Your instructions —
Starting with the line that has "Hey everybody, this" in the records below and ending with the line that has "In such questions", output those lines exactly and nothing more; omit the pictures.

Data for processing —
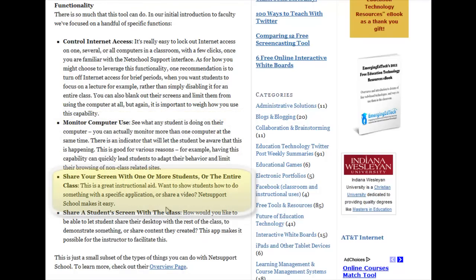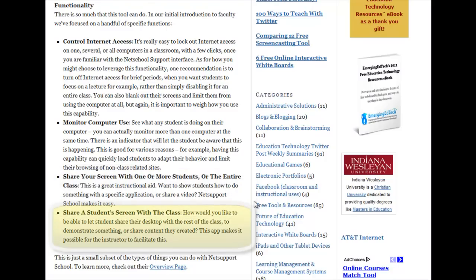Additionally, you can share your screen with one or more students or with the entire class. It's a great way to aid in the instructional process — you want to show somebody how to do something with a given application, for example, or maybe just share a video. You can share whatever's on your screen with whoever you choose. And you can extend that functionality even further by then sharing a student's screen with the class, so perhaps you want to give a student the opportunity to share something they know how to do with the rest of the class.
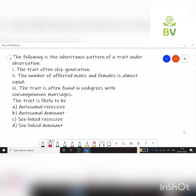Let's see how to solve a pedigree question. This is a question from CSIR NET December 2013. The question is: the following is the inheritance pattern of a trait under observation.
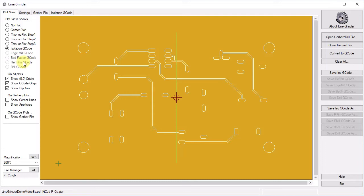That is a different Gerber file. The RefPins G-Code is not available because this particular configuration, TopCopper, is currently not set to generate the reference pin G-Code. It could be, but typically we generate reference pin information off the bottom copper layer so that when we process that file, then this option will enable.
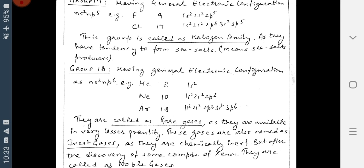Quick revision: Today we studied P-block, which contains 6 groups from 13 to 18. Group 13 is the Boron Family, Group 14 is the Carbon Family, Group 15 is the Nitrogen Family, Group 16 is the Oxygen Family, Group 17 is the Halogen Family, and Group 18 is the Noble Gases. Please write and learn the electronic configurations and elements. In the next video we will discuss D and F block.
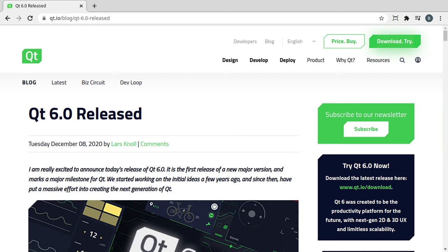Hey everybody, this is Brian, and Qt 6 has been released, so we are going to start down the Qt 6 path.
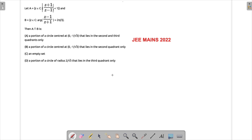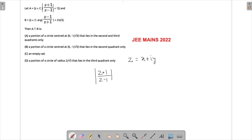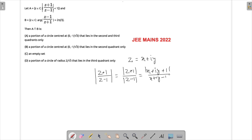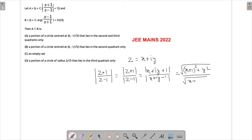In such questions we start with the assumption that z equals x + iy and then try to see what sort of relation we get. Using the property that modulus of (z+1)/(z-1) equals modulus of (z+1) upon modulus of (z-1), we substitute to get √[(x+1)² + y²] / √[(x-1)² + y²], and that is less than one.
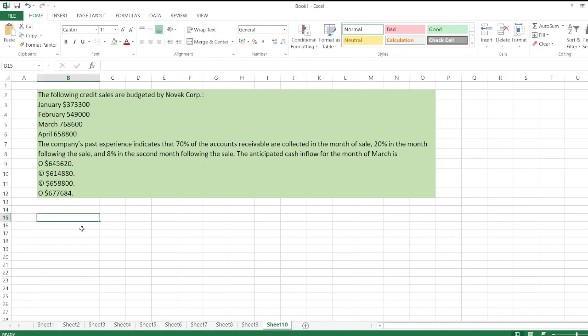The question involves Nobop Corporation, where rates of sales are budgeted as credit sales for January, February, March, and April. The company's past experience indicates that 70 percent of accounts receivable are collected in the month of sale, 20 percent in the month following the sale, and 8 percent in the second month following the sale. We need to find the anticipated cash inflow for the month of March.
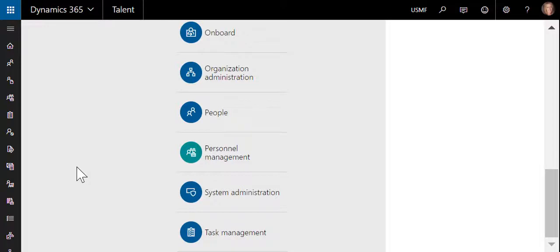The checklist functionality within Dynamics 365 for Talent provides a flexible and efficient way to manage these unique processes, as well as track the progress across the organization for the onboarding and offboarding of workers.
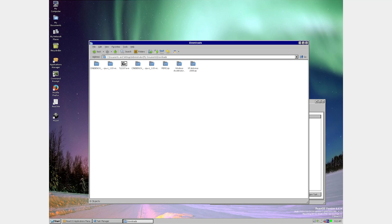Hello everybody, my name is Eric, and today we're going to be looking at ReactOS versus real Windows malware.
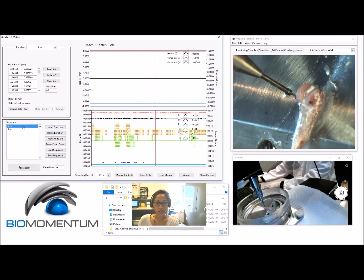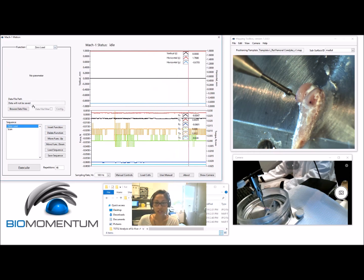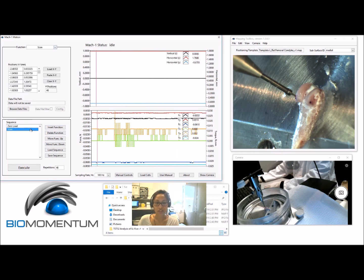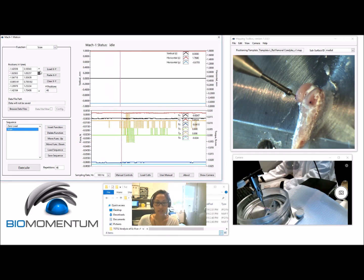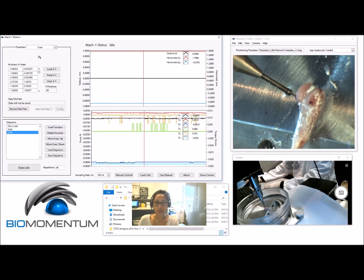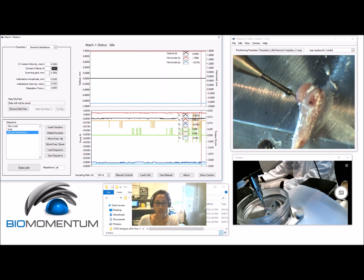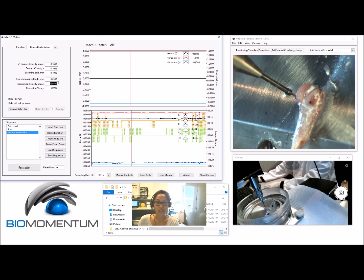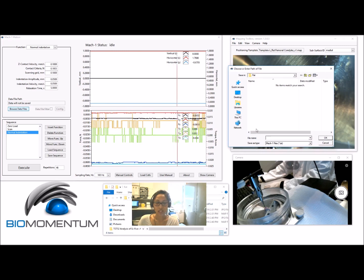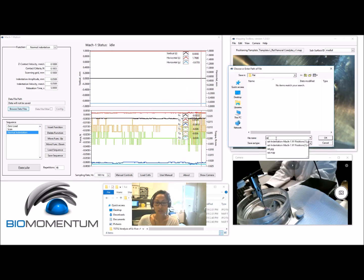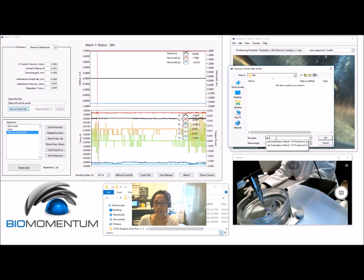Create the following sequence for the automated indentation mapping: add a zero load function, followed by a scan function with the previously copied position coordinates, then add a normal indentation function where the parameters are specific to each sample type. Don't forget to save the data from the normal indentation function.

Output for this exercise —
Hey everybody, this is Brian, and Qt 6 has been released, so we are going to start down the Qt 6 path.
In such questions we start with the assumption that z equals x + iy and then try to see what sort of relation we get. Using the property that modulus of (z+1)/(z-1) equals modulus of (z+1) upon modulus of (z-1), we substitute to get √[(x+1)² + y²] / √[(x-1)² + y²], and that is less than one.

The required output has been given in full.